Great July Jobs Report Despite Consensus Miss
With the ADP report showing 219,000 jobs created and the BLS survey occurring during a week that had low jobless claims, I was anticipating job growth in the BLS report to beat expectations. Usually, the ADP report doesn’t elicit a big stock market reaction, but since it had recently been pessimistic, its beat pushed stocks higher last Wednesday. These two indicators implied over 250,000 jobs could be created in July. That didn’t happen as the report only showed 157,000 jobs were created which missed estimates for 190,000 jobs created. Even though this looks bad, the details show us that it was a great report.
There are two obvious details in the headline report. The first is that there were 170,000 private sector jobs added, which only missed estimates for 184,000. In other words, the consensus expected the government to add 6,000 jobs, but instead, it subtracted 13,000 jobs. Local governments lost the most jobs.
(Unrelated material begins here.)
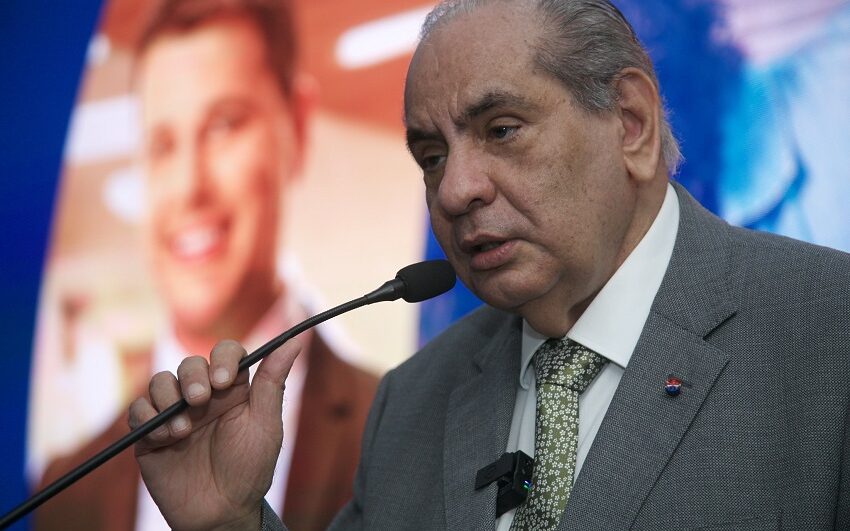 presidente da Confederação Nacional do Comércio, José Roberto Tadros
It’s possible the jobs were subtracted because school isn’t in session in the summer, meaning teachers aren’t working. As you can see, the 33,000 miss instantly becomes a 14,000 miss, which is very small.
These employment reports usually are very volatile and hard to predict, but lately, they have been consistent. As you can see from the chart below, the rolling 3-year standard deviation of the monthly payrolls report is near its lowest level since 1942. The standard deviation has been low for a few years. We had gotten used to discounting monthly reports like regional Fed reports which have excessive noise. Without the noise, the employment reports are becoming reliable indicators of the economy. To be clear, I follow every report, but I would discount one if it was wildly inconsistent with the trend.
The second reason this was a good report is because the May and June jobs reports were revised to show an additional 59,000 jobs were added. It’s easy to just focus on the last report because it’s the most recent one. However, you need to look at all three holistically. The older reports are more reliable than the newest one. The June report was revised up from 213,000 to 248,000 and the May report was revised up from 244,000 to 268,000 jobs. These are spectacular reports. If you are worried about hitting full employment, you might fear they are too good. Adding 258,000 jobs per month will get the labor market to full employment quickly even if all the workers on the sidelines start looking for work again.